A gente tem duas grandes metas com o futebol feminino do Cruzeiro. A primeira está dentro de um pilar de profissionalização que pode se resumir a modelo de contrato das atletas que foi revisado. A partir da gestão do Cruzeiro SAF de amador para contratos profissionais, que pagam o que a lei pede, e tem o direito de imagem, podemos elevar o nível de cobrança e de excelência para essas atletas. Futebol feminino talvez por muito tempo tenha sido feito por jogadoras de futebol e esse próximo passo é por atletas profissionais de futebol. Isso exige disciplina e comprometimento acima do que a história vem nos contando. E essa outra grande meta tem a ver com a sustentabilidade, desde o ponto de vista de formação de novos talentos, mas também a sustentabilidade financeira. Então, o futebol feminino no Brasil ainda depende muito da geração de receita por meio de patrocínios esportivos e a gente entende que a partir de 2025 essa conversa sobre direitos de transmissão vai ser ampliada para que isso torne uma fonte de receita aos clubes.

Levar as atletas para treinar na Toca II teve um papel na evolução da equipe que conquistou o Campeonato Mineiro?
A evolução da equipe feminina de fato passa pela palavra construção. Se a gente imaginar que ano passado esse time estava brigando com o Z4 do Campeonato Brasileiro, para na temporada seguinte conquistar uma vaga inédita nas quartas de final, isso também é uma medida de evolução. E no Mineiro feminino, a gente entende que existe uma construção de modelo de jogo e principalmente desde a chegada do Jonas Urias. Então, a forma como as atletas conseguem absorver conceitos e princípios do futebol e se sentirem parte desse novo modelo que o Cruzeiro está tentando implicar dentro de campo como estamos falando, por posição, por uma construção tática, por esse jogo de fato coletivo, isso é evolução. O Cruzeiro não é uma equipe formada por salvadores da pátria, ou atletas com capa, que são heroínas, é a força do grupo, então acho que esse conceito tem sido muito trabalhado, e é uma série de fatores que tem levado a evolução da equipe, não somente o fato delas usufruírem a estrutura da Toca II. Então esse crescente e essa margem de evolução é o que vai guiar o projeto do Cruzeiro daqui para frente.

O que a Kin falaria para a torcida do Cruzeiro sobre a gestão da SAF?
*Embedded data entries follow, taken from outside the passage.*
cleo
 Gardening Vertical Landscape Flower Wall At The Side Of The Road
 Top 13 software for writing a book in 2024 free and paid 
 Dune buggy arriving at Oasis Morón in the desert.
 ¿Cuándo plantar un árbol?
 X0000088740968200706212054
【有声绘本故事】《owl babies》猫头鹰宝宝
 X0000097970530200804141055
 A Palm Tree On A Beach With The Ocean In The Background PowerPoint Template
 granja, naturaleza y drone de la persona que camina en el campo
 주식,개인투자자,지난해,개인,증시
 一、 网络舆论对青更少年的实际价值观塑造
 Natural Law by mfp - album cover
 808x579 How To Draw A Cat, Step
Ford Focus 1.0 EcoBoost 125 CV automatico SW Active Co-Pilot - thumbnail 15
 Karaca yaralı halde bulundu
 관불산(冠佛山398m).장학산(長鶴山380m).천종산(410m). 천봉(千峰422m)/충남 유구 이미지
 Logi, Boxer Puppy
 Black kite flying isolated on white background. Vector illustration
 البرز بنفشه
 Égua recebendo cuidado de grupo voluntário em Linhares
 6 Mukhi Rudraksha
A minha mensagem na verdade é um convite. O futebol feminino do Cruzeiro tem uma história muito recente, essa equipe foi criada em 2019. Desde então ela vem tentando aprimorar a entrega, mas principalmente dentro dessa nova gestão do Cruzeiro SAF a gente vem de fato integrando e profissionalizando a categoria. Então, a máxima do futebol feminino é querer fazer o torcedor se sentir representado pela entrega delas dentro de campo. Isso está em cada atleta. Elas se descrevem como time de trabalhadoras que realmente na hora que estão ali no jogo e vestindo essas cinco estrelas no peito, deixam tudo dentro de campo, porque sabem que estão representando muito além da própria história, muito além das próprias superações, representam uma torcida enorme que independente da categoria quer ver o Cruzeiro no lugar que ele merece estar.